How to write spark streaming DF to Kafka topic
With Spark >= 2.2
Both read and write operations are possible on Kafka using Structured Streaming API
Build stream from Kafka topic
// Subscribe to a topic and read messages from the earliest to latest offsets
val ds= spark
.readStream // use `read` for batch, like DataFrame
.format("kafka")
.option("kafka.bootstrap.servers", "brokerhost1:port1,brokerhost2:port2")

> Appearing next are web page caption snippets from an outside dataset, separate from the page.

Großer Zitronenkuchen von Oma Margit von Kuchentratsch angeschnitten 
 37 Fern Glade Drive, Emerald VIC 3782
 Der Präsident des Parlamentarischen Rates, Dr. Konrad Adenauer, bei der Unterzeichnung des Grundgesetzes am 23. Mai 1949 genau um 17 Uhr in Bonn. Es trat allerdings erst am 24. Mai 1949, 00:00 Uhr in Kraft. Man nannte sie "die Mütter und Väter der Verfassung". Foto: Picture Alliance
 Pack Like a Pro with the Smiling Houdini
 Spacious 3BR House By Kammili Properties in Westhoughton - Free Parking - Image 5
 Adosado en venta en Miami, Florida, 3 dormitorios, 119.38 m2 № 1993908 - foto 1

.option("subscribe", "source-topic1")
.option("startingOffsets", "earliest")
.option("endingOffsets", "latest")
.load()
Read the key and value and apply the schema for both, for simplicity we are making converting both of them to String
type.
val dsStruc = ds.selectExpr("CAST(key AS STRING)", "CAST(value AS STRING)")
.as[(String, String)]
Since dsStruc
have the schema, it accepts all SQL kind operations like filter
, agg
, select
..etc on it.
Write stream to Kafka topic
dsStruc
.writeStream // use `write` for batch, like DataFrame
.format("kafka")
.option("kafka.bootstrap.servers", "brokerhost1:port1,brokerhost2:port2")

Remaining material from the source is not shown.